The issue of glyphosate is controversial because it has become a focal point for an ideological struggle. For the anti-GMO movement it is the poster-child of corporate malfeasance. For corporations this is an example of activist government overreach.

I tend to think that both sides are correct, at least to an extent. We should not trust corporations, meaning that we should not just assume they will be good corporate citizens, never abuse their power, or that they will consider the public interest over their shareholders. There is overwhelming evidence that, generally speaking, this is not a good assumption. Corporations look after their own bottom line. That is why we need regulations, transparency, and oversight to protect consumer and public interests.

I also don’t think we can trust activist organizations, nor can we assume that government agencies will act without ideological bias. Again, history tells a very different story.

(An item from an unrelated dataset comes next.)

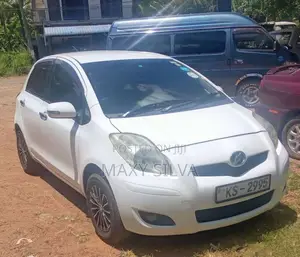 Toyota Vitz 2010 Car (Used)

What we need, therefore, are professional disinterested reviewers. We need scientific experts to review objective evidence, and investigative journalists to make sure there is transparency. They don’t always do their job optimally either, but the whole system acts as a set of checks and balances.

The story of glyphosate and the IARC review is a microcosm of all this. We see multiple different interests, each with a different narrative interpretation of reality, fighting over what is, at the end of the day, a scientific question. What is the safety of glyphosate in the context of how it is used and compared to other alternatives? The best we can do is to have multiple independent experts review all the evidence and give us a transparent assessment. If a consensus emerges and that consensus includes the opinion that there is sufficient evidence to reach a conclusion, then that conclusion is probably the most reliable answer we can get.

In the case of glyphosate we actually have a large set of data with multiple independent reviews concluding it is relatively safe as used, and is superior to most other herbicides. The IARC review is an outlier, and the process used has come under significant criticism suggesting bias.

In any case, the recent published data from the AHS renders all previous reviews obsolete. This new data argues strongly against any link between glyphosate and cancer. In light of this, the IARC should update their classification, as their now obsolete classification is actively being used as a basis of lawsuits and regulations.